March 20th marked the official start of spring and the beinging of the astrological new year. I think its safe to say that this marks a completely eyar where i was attentive to how the positioning of the planets have been affecting my life and every month I find my self mroe and mroe aware of the moon and its effect on me. I found the need to celebrate this anniversary of my connection with the universe as well as to appreciate Gaia and all that this planet offers me.
This Year. . .
before the 20th I was feeling mad stress, I had two presentations due monday and had to visit freinds for the weekend, keep up with a boy, and prepare for the heavy workload in the weeks to come. my negativity was bringing me down. Just when i htought things weer looking up when i carved time out of my day to get work done atthe library while I was out of town, my laptop crashed. Taking all my research ntoes and presentation prep with it, I was ledt to complete two presentations from memory and lost all my research ntoes for 3 up coming asignments. After I arrived back home and got settled after this ‘disaster’ I realized that this was actually one of the best things that could happen.

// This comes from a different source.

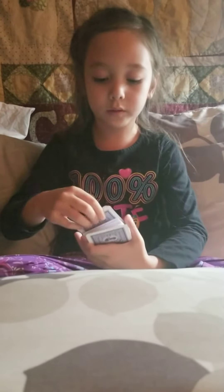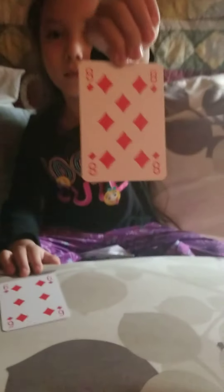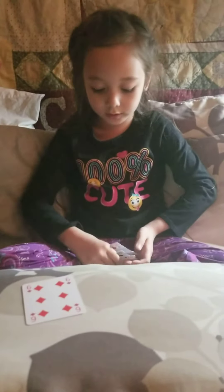Okay. Now I'm going to put two cards up here. So, is this your card? Yes. So I'm not going to tell you the secrets, because that's what a real magician does.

I had spent so much time beign nervouse about presentign well and having enought information prepared, now I was in a situation where I could only do my best with what i had. In a way my computer crashing had been a perfect way to hit the restart button for this astrological new year.
Additional to the clean sweep of my school work clutter, i tidied up my room and rearranged a few things, unconsciously doing things that fit with the new energy and fresh start being welcomed in by the planets.
After my presentations were complete ( received well by my professors) my other stresses seem much mroe managable, and this spring itme energy is making me feel capable and focused while also making me feel more playful about the way I look at the next threee weeks of my undergrad.
I specifically remeber last year around this time because i instagramed a picture of my self when the moon was in pisces, sayign it made me feel focused ( looking back now i was rather depressed but i think i wrote about that in another post). I had also just accepted the fact that i was going to be in Europe for the majority of the summer and was anxious to get things going, i had to pack and finsih up my courses assignments and exams. This was a beignign of a period that has bascially lasted until now or at least 2017, where i rushed through everything. like i hit a fstforward button becasue i wanted to get to the good part (which i thought was europe but looking back i see how i was in fast forward then too). My goal for this year is to definetly slow things down. Appreciate simple things, live in the moment, breathe, be playful with my time and how I spend it and approach things.
Part of this also is to constantly write my thoughts. Of course for school i write weekely responses and that helps me practice but blogging and writign my thoughts about this kind of stuff down helps this “astrolgoical, introspective, intune” part of me become more part of my outer world. not just the world inside my head.